NYC escalates war on e-bikes

New York City is launching a new crackdown on motorized bicycles, known as e-bikes, which are illegal on city streets.
New York City is launching a new crackdown on motorized bicycles, known as e-bikes, which are illegal on city streets. Photo Credit: Getty Images/Tucker Ranson

One of Mayor Bill de Blasio’s re-election TV ads reminds New Yorkers that crime has dropped under his administration. While shootings and homicides have declined under the last three mayors, it’s also true that during that span, NYC has prioritized the policing of things many New Yorkers don’t necessarily associate with crime.

Rudy Giuliani made squeegee men and homeless people a priority for police, dubbing the approach broken-windows policing. Michael Bloomberg supported stop-and-frisk, or the mass stopping of blacks and Hispanics for things like “furtive movements.” Now, de Blasio wages war on a supposed new threat: delivery workers who use e-bikes.

Last month, de Blasio took to the Upper West Side to unveil a new layer to the NYPD’s e-bike crackdown. Responding to the complaints of a local street safety activist, de Blasio vowed to punish not only e-bike riders — many of whom are immigrants — but also their employers. While courting mega-corporation Amazon for a headquarters in NYC, the mayor essentially wants to fine small Mexican and Chinese restaurants for employing e-bike workers. Starting next year, businesses with delivery riders who use e-bikes will be fined $100, a fine that doubles for a second offense.

The dangers of e-bikes, which use electric motors that are illegal under NYC law, are overstated. And any squeeze on businesses will filter down to workers. In response to the crackdown, businesses can fire workers who use e-bikes or demand they use regular bikes. That will mean debilitating work conditions for workers who’ll pedal long hours each day through city streets for low wages.

Do Lee of The Biking Public Project, a group that advocates for underrepresented bicyclists, says the solution is to legalize e-bikes. The city banned the bikes under Bloomberg in 2004 along with other motorized vehicles that couldn’t be registered with the Department of Motor Vehicles. Lee says that while de Blasio redirects questions of legality to Albany, the City Council can repeal the local ordinance against e-bikes, but that City Hall has chosen to listen to e-bike complainers, not workers.

Lee says that if the issue is safety, then e-bikes can improve safety. He points out that fatigue, which is often cited as a factor in car accidents, can also lead to bike accidents.

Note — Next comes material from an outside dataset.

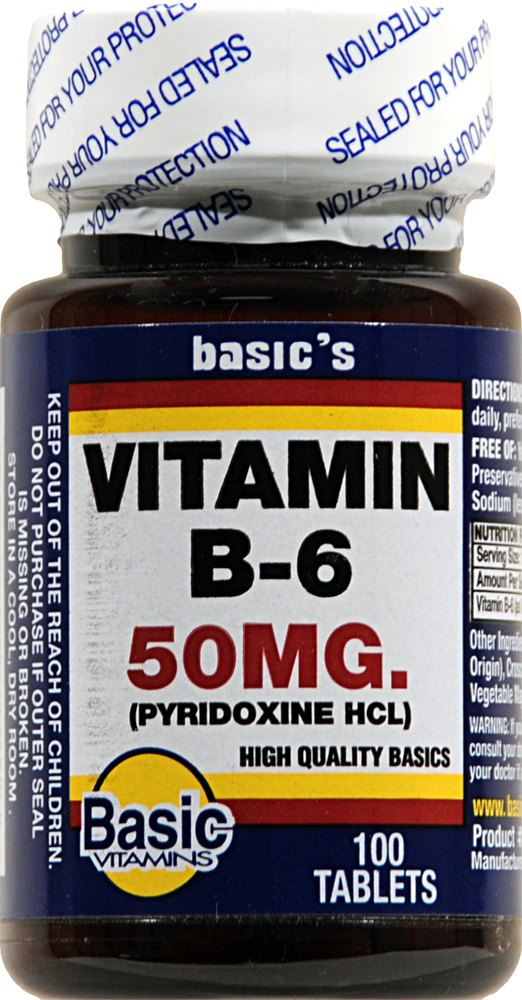 slide 1 of 2, Basic Viatmin B6 50 Mg Tablets, 100 ct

An e-bike or pedal-assist option can help workers avoid fatigue-related accidents. If the goal of ridding ourselves of e-bikes will mean workers will be more fatigued, then why wouldn’t that be dangerous?

An e-bike worker told me that he’s open to some regulations if this means police will stop harassing him. De Blasio, who says NYC is a sanctuary for immigrants, should meet with immigrant workers, Lee’s organization and others who have advocated for a repeal of the city law against e-bikes.

There are no long-term solutions without worker voices being heard.

Josmar Trujillo is a trainer, writer and activist with the Coalition to End Broken Windows.